PROBLEM TO WORK ON:
When you restate the data, keep every word as it is and drop the images.

TASK MATERIAL:
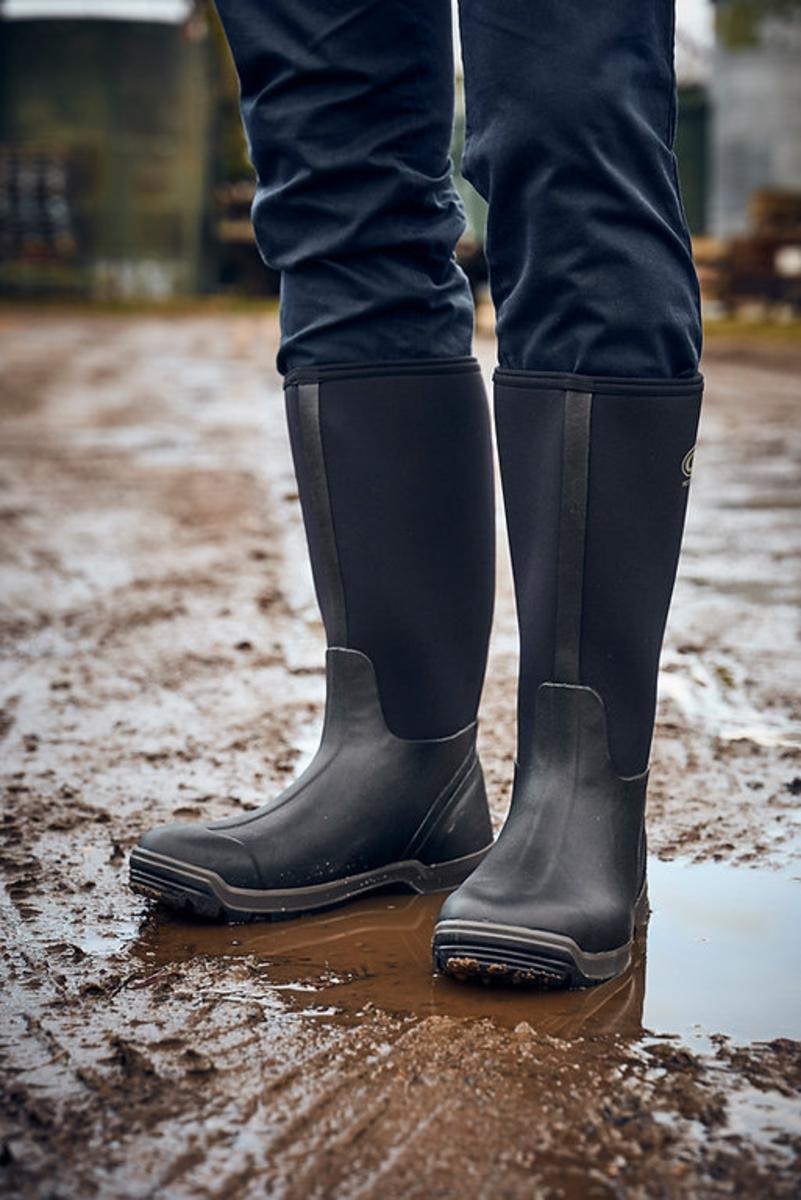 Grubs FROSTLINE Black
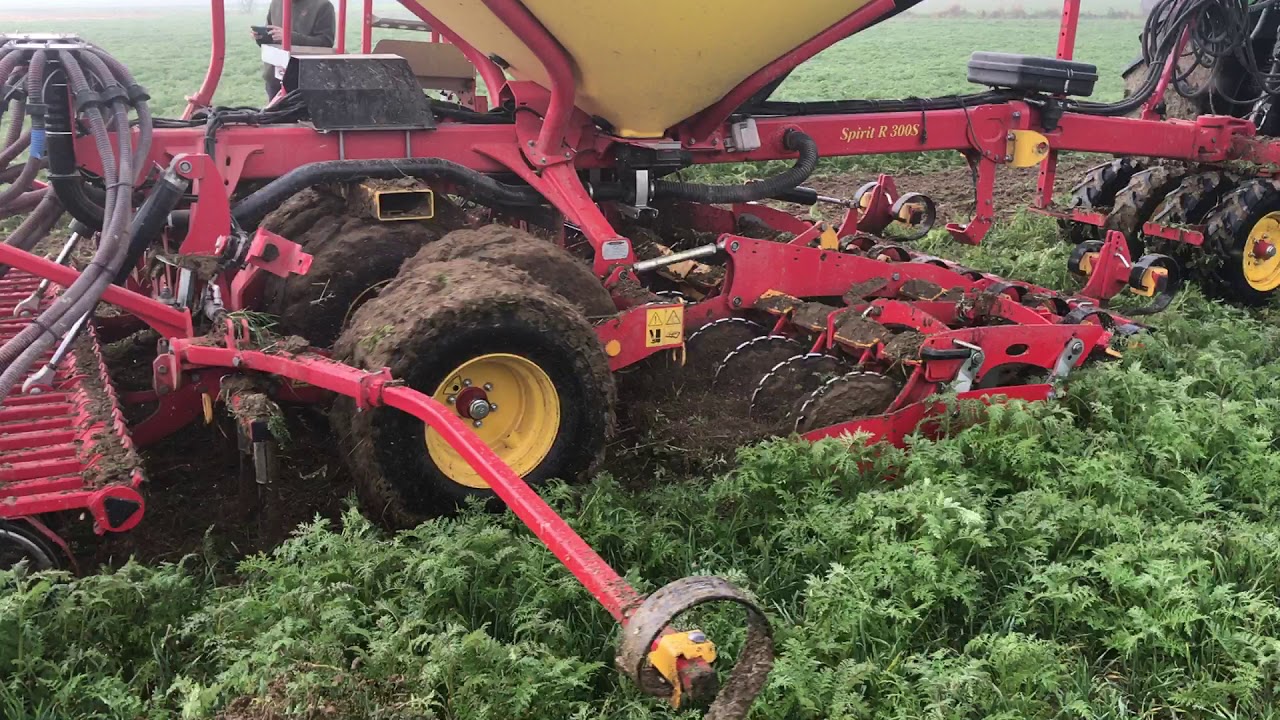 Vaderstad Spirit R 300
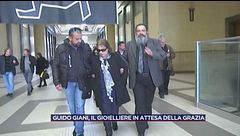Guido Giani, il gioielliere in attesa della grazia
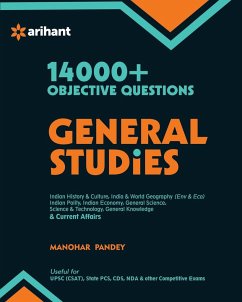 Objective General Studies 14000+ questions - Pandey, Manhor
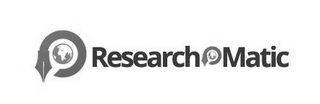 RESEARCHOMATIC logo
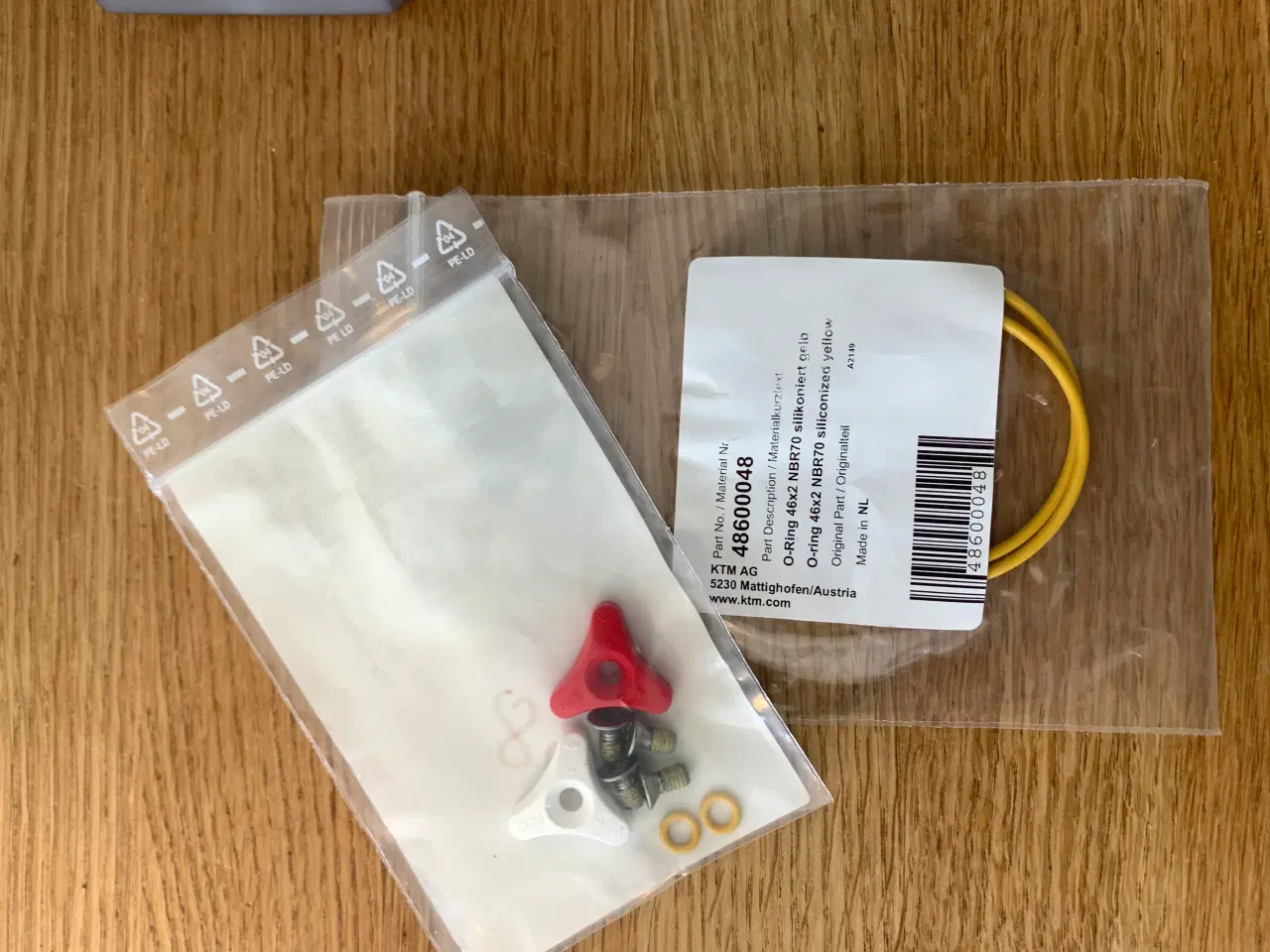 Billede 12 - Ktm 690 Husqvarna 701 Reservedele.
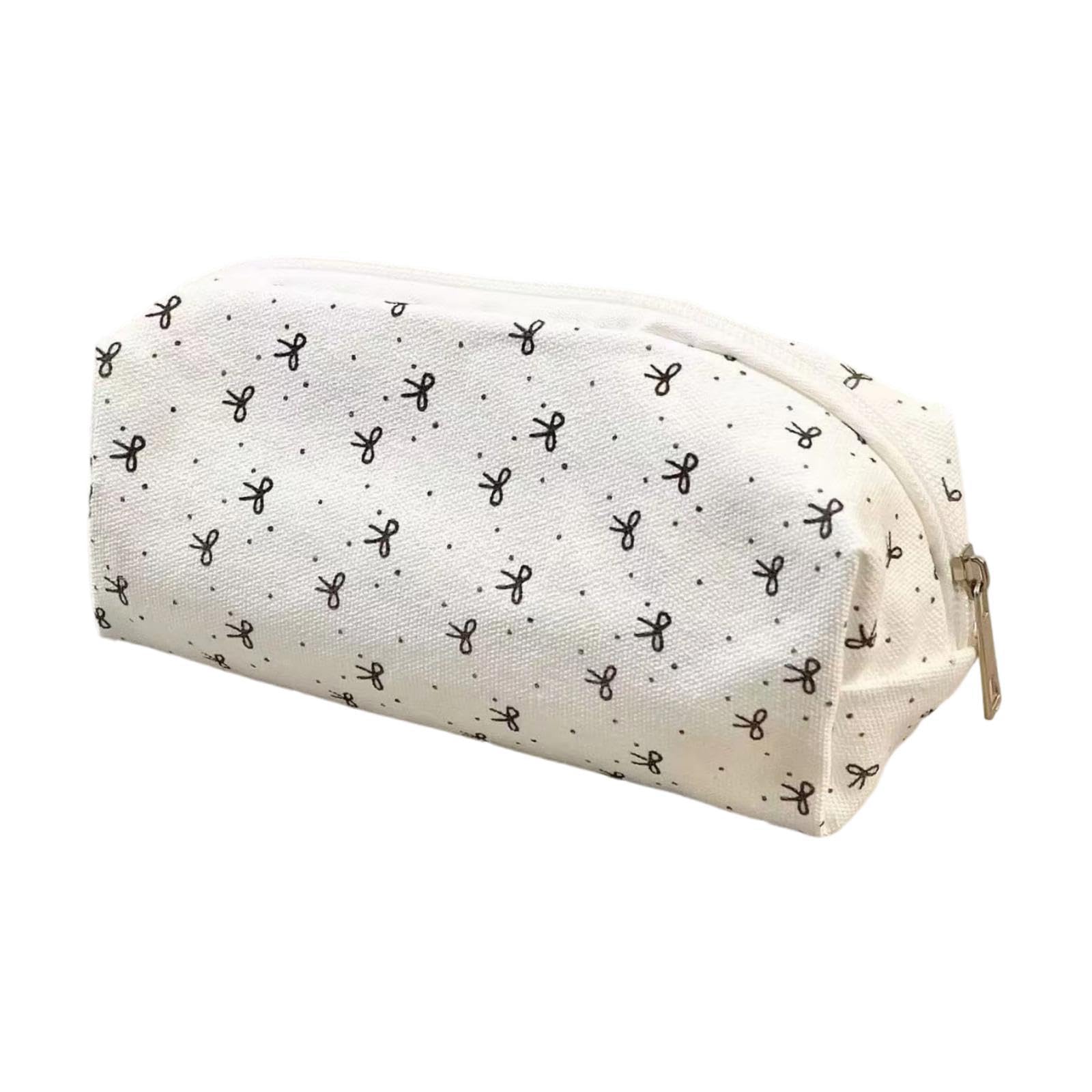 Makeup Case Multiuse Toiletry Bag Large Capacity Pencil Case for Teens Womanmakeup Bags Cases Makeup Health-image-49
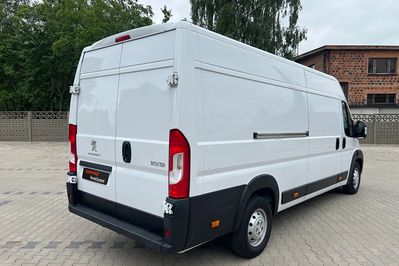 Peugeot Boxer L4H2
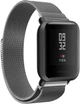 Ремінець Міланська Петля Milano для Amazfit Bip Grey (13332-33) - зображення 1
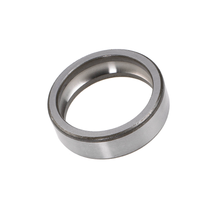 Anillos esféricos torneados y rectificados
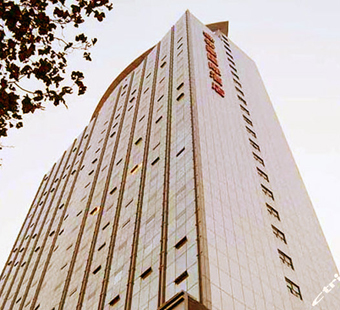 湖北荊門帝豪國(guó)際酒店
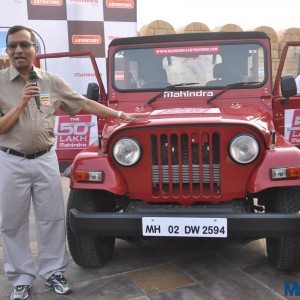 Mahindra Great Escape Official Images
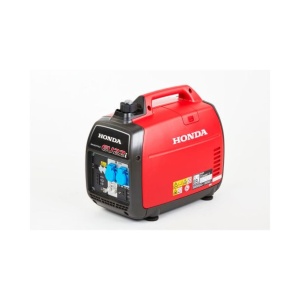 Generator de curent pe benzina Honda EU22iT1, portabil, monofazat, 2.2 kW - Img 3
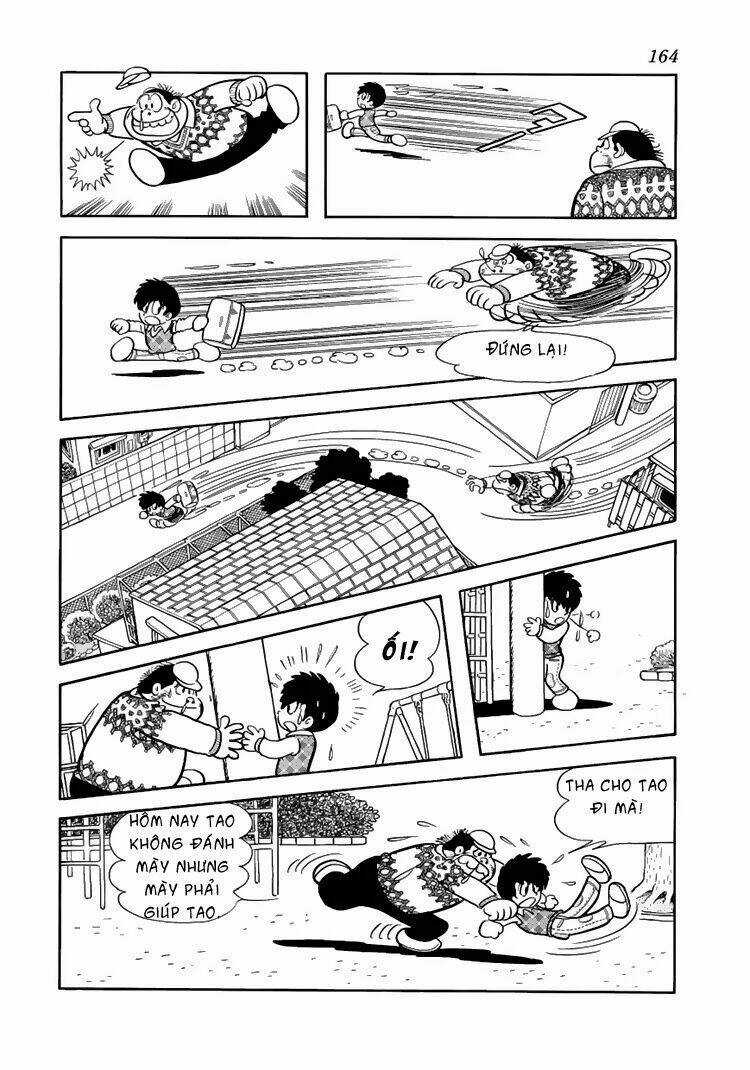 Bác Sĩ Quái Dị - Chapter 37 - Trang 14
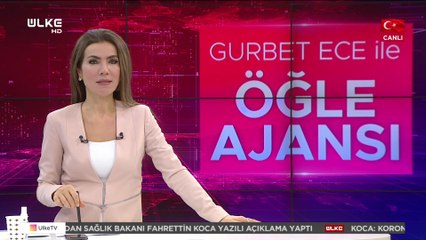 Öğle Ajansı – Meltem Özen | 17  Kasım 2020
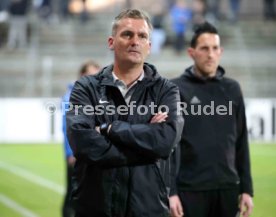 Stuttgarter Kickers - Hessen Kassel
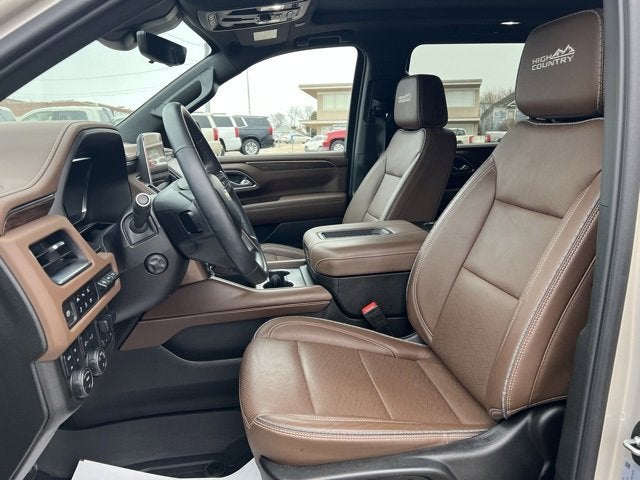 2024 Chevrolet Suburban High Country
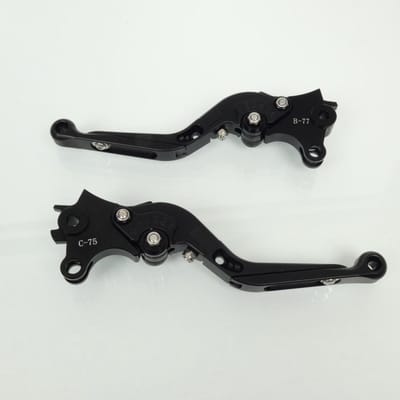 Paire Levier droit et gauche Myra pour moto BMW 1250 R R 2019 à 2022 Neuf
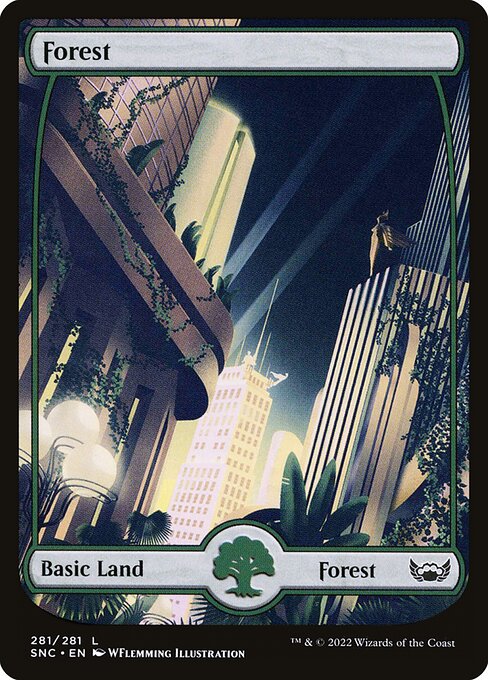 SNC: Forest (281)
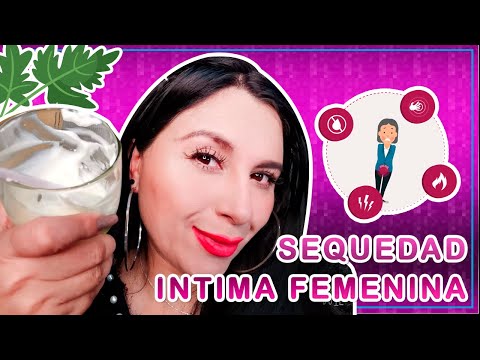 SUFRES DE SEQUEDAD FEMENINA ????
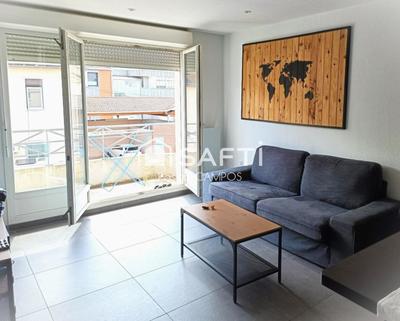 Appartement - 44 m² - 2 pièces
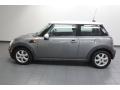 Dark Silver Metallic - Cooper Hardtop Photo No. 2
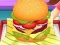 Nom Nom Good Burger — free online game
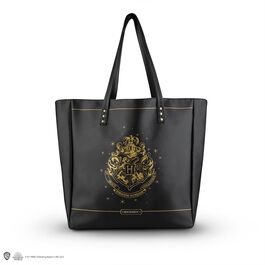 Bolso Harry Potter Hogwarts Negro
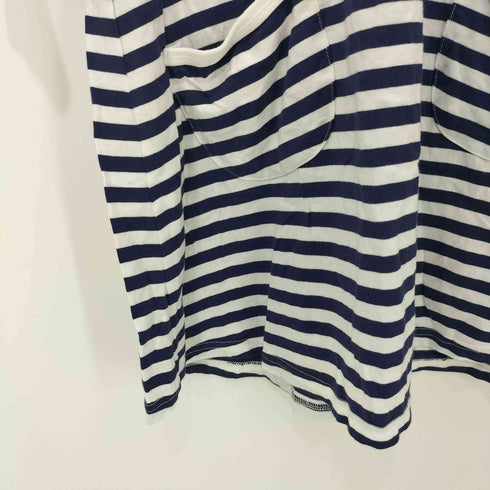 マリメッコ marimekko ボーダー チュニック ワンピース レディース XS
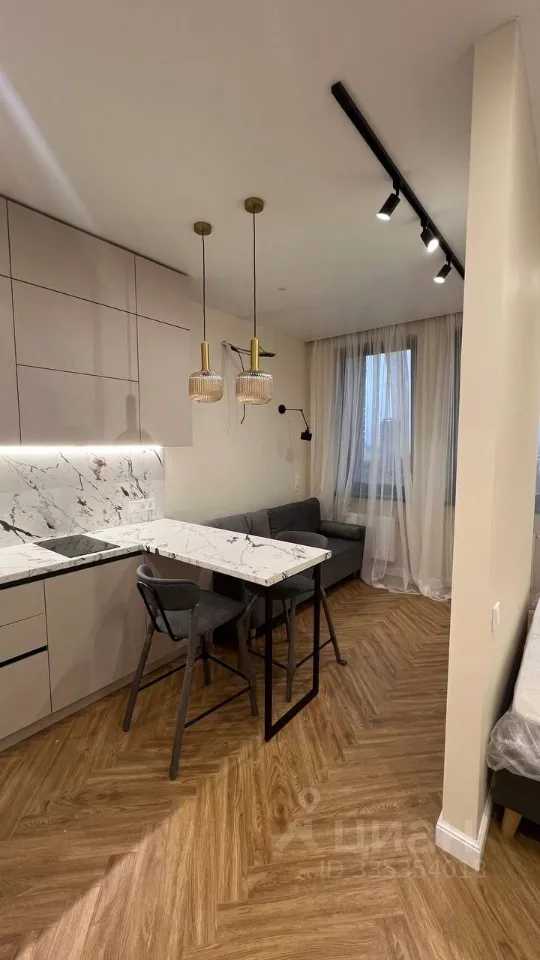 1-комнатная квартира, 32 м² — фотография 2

ANSWER SPACE:
 Grubs FROSTLINE Black
 Vaderstad Spirit R 300
Guido Giani, il gioielliere in attesa della grazia
 Objective General Studies 14000+ questions - Pandey, Manhor
 RESEARCHOMATIC logo
 Billede 12 - Ktm 690 Husqvarna 701 Reservedele.
 Makeup Case Multiuse Toiletry Bag Large Capacity Pencil Case for Teens Womanmakeup Bags Cases Makeup Health-image-49
 Peugeot Boxer L4H2
 Ремінець Міланська Петля Milano для Amazfit Bip Grey (13332-33) - зображення 1
 Anillos esféricos torneados y rectificados
 湖北荊門帝豪國(guó)際酒店
 Mahindra Great Escape Official Images
 Generator de curent pe benzina Honda EU22iT1, portabil, monofazat, 2.2 kW - Img 3
 Bác Sĩ Quái Dị - Chapter 37 - Trang 14
 Öğle Ajansı – Meltem Özen | 17  Kasım 2020
 Stuttgarter Kickers - Hessen Kassel
 2024 Chevrolet Suburban High Country
 Paire Levier droit et gauche Myra pour moto BMW 1250 R R 2019 à 2022 Neuf
 SNC: Forest (281)
 SUFRES DE SEQUEDAD FEMENINA ????
 Appartement - 44 m² - 2 pièces
 Dark Silver Metallic - Cooper Hardtop Photo No. 2
 Nom Nom Good Burger — free online game
 Bolso Harry Potter Hogwarts Negro
 マリメッコ marimekko ボーダー チュニック ワンピース レディース XS
 1-комнатная квартира, 32 м² — фотография 2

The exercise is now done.